▸ WHAT TO PRODUCE:
Starting at the line below holding "Hotel Angket Hip" and stopping at the line holding "Starblitz 3600DFM Ttl", print every line exactly, both ends included, and leave the rest out.

▸ INFORMATION SHOWN:

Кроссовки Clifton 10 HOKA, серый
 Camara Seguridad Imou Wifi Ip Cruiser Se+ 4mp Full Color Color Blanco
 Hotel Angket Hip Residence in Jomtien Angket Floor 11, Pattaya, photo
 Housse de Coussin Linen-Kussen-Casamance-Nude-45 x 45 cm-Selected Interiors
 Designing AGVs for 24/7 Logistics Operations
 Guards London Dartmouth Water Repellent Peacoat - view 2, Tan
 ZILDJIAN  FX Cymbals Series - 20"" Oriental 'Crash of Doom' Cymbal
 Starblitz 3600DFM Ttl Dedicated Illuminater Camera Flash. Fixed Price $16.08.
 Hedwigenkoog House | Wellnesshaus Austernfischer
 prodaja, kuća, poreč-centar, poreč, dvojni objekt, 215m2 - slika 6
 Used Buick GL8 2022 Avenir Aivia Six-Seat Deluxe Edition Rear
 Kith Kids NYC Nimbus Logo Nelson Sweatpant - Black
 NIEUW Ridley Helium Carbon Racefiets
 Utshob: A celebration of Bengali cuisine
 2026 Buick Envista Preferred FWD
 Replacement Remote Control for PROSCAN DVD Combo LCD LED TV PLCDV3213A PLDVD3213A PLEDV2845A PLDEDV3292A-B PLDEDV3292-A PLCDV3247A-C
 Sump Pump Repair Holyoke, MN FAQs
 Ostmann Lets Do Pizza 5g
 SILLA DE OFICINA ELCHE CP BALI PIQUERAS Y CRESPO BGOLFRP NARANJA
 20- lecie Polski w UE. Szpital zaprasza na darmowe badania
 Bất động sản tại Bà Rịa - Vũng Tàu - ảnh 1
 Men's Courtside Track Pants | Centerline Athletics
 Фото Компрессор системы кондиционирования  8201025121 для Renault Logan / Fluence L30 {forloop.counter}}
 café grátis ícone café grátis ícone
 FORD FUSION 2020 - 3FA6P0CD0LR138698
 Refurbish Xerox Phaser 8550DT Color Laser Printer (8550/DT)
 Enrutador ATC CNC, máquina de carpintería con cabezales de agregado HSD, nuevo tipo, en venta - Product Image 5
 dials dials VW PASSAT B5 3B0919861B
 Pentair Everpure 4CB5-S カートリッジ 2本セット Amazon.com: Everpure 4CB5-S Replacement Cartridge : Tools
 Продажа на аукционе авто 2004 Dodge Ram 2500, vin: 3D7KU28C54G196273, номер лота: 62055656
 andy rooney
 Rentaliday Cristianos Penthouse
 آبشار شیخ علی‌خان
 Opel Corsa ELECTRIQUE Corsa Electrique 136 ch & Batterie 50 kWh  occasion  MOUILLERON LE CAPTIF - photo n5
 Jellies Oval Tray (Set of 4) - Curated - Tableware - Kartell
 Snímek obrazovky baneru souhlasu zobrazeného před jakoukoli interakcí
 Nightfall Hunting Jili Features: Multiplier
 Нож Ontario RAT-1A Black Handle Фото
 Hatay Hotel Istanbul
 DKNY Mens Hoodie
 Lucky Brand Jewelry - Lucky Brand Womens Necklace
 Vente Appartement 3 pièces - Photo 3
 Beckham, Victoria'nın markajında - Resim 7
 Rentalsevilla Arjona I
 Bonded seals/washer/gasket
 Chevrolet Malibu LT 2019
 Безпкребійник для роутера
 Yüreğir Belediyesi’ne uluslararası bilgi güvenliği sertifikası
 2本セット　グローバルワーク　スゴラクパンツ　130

▸ TASK RESPONSE:
 Hotel Angket Hip Residence in Jomtien Angket Floor 11, Pattaya, photo
 Housse de Coussin Linen-Kussen-Casamance-Nude-45 x 45 cm-Selected Interiors
 Designing AGVs for 24/7 Logistics Operations
 Guards London Dartmouth Water Repellent Peacoat - view 2, Tan
 ZILDJIAN  FX Cymbals Series - 20"" Oriental 'Crash of Doom' Cymbal
 Starblitz 3600DFM Ttl Dedicated Illuminater Camera Flash. Fixed Price $16.08.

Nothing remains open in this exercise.